Old history‎ > ‎

Regent's Canal



Hampstead Road Lock 

The Regent’s Canal was built between 1812 and 1820 to link the Grand Junction Canal’s arm at Paddington Basin to a new basin at City Road and to the Thames and docks at Limehouse. With the arrival of the Regent’s Canal at Hampstead Road in 1816, Camden became an interchange centre for transfer between canal and road. This traffic grew much faster when the Canal was opened to Limehouse Dock in 1820. 

The first lock constructed at Hampstead Road in 1816 was a two stage single lock with a highly innovative hydro-pneumatic mechanism patented by William Congreve, an inventor of repute. This was designed to save the water normally used in lock operation, as there were serious problems over water supply. Caissons weighing over 26 tons each, cushioned on air, were raised and lowered by moving air between caisson chambers. After a short period of operation with lengthy downtime for repairs, the system was abandoned in favour of a conventional double lock with a single lift of 6 ft 8 in (2.0 m), dating from 1820, as is seen today. The water supply problem was resolved by pumping from the Thames at Chelsea and trading supplies with the Grand Junction Canal Company. 
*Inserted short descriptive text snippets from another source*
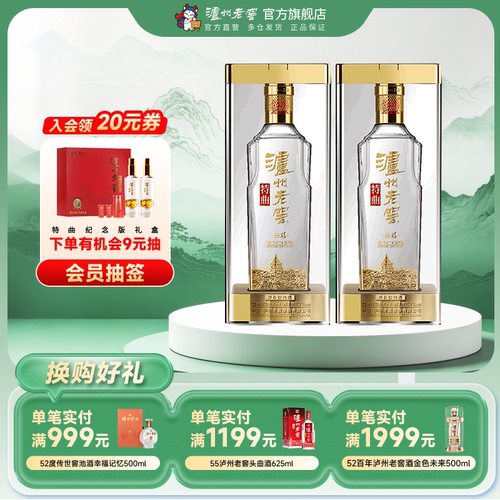 泸州老窖特曲晶彩52度500ml*2瓶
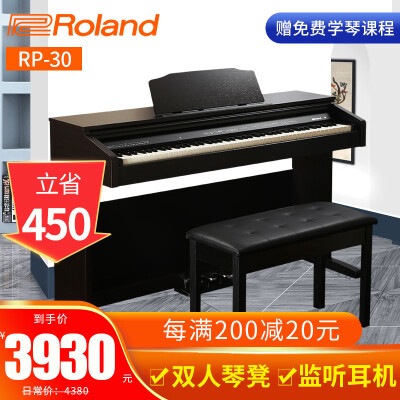 罗兰102-BK电钢琴质量怎么样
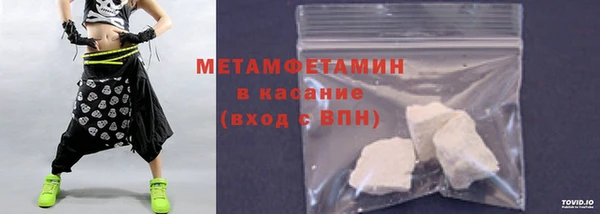 дурь Горняк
The first basin on the Regent’s Canal was built above Hampstead Road Lock by James Morgan, the engineer for the Regent's Canal Company. Traders established wharves upstream of Hampstead Road Lock early on, because it lay at the London end of a long reach of canal that extended for many miles westwards through Middlesex without interruption by locks. It was moreover the temporary terminus of the Regent’s Canal from 1816 until its completion eastwards in 1820. They made docks here, to extend the length of space where boats could tie up for loading and unloading their cargoes, three on each side of the canal. Two of these docks can still be seen today: the Interchange Basin and Purfleet Wharf, latterly Dingwall’s Dock, both on the north side. 
[Image of Regent's Canal at Hampstead Road Lock]
Regent's Canal at Hampstead Road Lock
(Based on Goad, 1891, CLSAC)

Arrival of the Railway 

Before the railway arrived, the Regent’s Canal was already busy with diverse traffic, carried on a variety of vessels – ordinary barges (up to 14 ft wide) that plied the broad canals and rivers of the London area; lighters that delivered and received cargoes directly alongside ships moored in the Thames or in the Docks; sailing barges that could navigate the open tidal waters and creeks downstream of London yet were sufficiently small to pass the Canal’s locks; and narrowboats, half as wide as ordinary barges, that were sized for the smaller gauge canals of the Midlands. The narrowboats carried the long-distance traffic to and from places like Birmingham and Manchester, traffic that was about to decline significantly in the face of railway competition. 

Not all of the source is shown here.